The change is a part of a wide-ranging bill that was submitted to the parliament just a day after Mr Orbán received extraordinary emergency powers, ostensibly so that he can better tackle the Covid-19 pandemic.

For members of the Hungarian transgender community, the bill came as a real shock.

“This law proposal was unexpected as the government has not previously attacked the trans community,” Barnabás Hidasi, president of the Transvanilla Transgender Association, tells Emerging Europe. “Trans issues were not in the spotlight and our assessment was that the authorities have been trying to solve regulatory issues regarding legal gender recognition.”

Under the rules proposed by the bill, a Registry Act will include a clarification of the word nem (which in Hungarian means both “sex” and “gender”) so that it only refers to biological sex. Once sex has been assigned at birth, changes will never be permitted.

Transgender activists, as well as gender studies academics, have maintained that birth sex and gender are not the same thing. Sex is biological, they claim, while gender is a social construct.

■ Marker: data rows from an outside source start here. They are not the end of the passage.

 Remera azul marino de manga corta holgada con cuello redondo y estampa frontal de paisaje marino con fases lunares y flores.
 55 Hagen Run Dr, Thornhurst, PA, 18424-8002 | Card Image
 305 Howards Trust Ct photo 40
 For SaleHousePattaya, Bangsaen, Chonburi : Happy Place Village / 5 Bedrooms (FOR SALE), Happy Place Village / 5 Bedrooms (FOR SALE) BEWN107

The new bill ignores this, and recognises only “biological sex based on primary sex characteristics and chromosomes.”

For trans people, this means they might remain locked into a gender they don’t identify with. As a general rule, transgender people seek to transition into the gender they feel comfortable with. This transition can include presenting oneself as the gender they identify with, as well as hormone therapy and, in some cases, gender reassignment surgery.

The effects of the bill could be disastrous for the trans community, the Transvanilla Transgender Association warns.

“The whole trans community is already traumatised and it will get worse if this bill is signed into law. Many uncertainties will remain, namely the future of trans specific health care, and the level of discrimination and violence it will bring to members of our community. It is also uncertain if anti-discrimination and hate crime legislation will still protect trans people based on their gender identity,” Hidasi says.

For those who are currently waiting for their gender to be recognised, things are very uncertain. They face their requests being declined if the bill is signed into law.

“This is highly problematic for those who already are living according to their real gender and might have undergone medical procedures hoping their gender will be recognised soon,” continues Hidasi.

International organisations such as Human Rights Watch (HRW) have also condemned the new bill.

“When governments force trans people to carry documents that don’t match their identity and appearance, every situation when documents are requested or appearance is scrutinised becomes fraught with potential for violence and humiliation,” claims the organisation.

While the current attack on transgender people has come as a bolt from the blue, there have been signs of Hungary tightening up on LGBT rights.

Last year, the country withdrew from the Eurovision Song Contest, and although the state broadcaster did not give an official reason, sources said at the time it was because the contest was “too gay.”

Viktor Orbán’s government also has a history of attacking the LGBT community. In 2012, a new constitution defined marriage solely as that between a man and a woman. And in 2016, Hungary blocked an EU agreement to tackle homophobic and transphobic discrimination.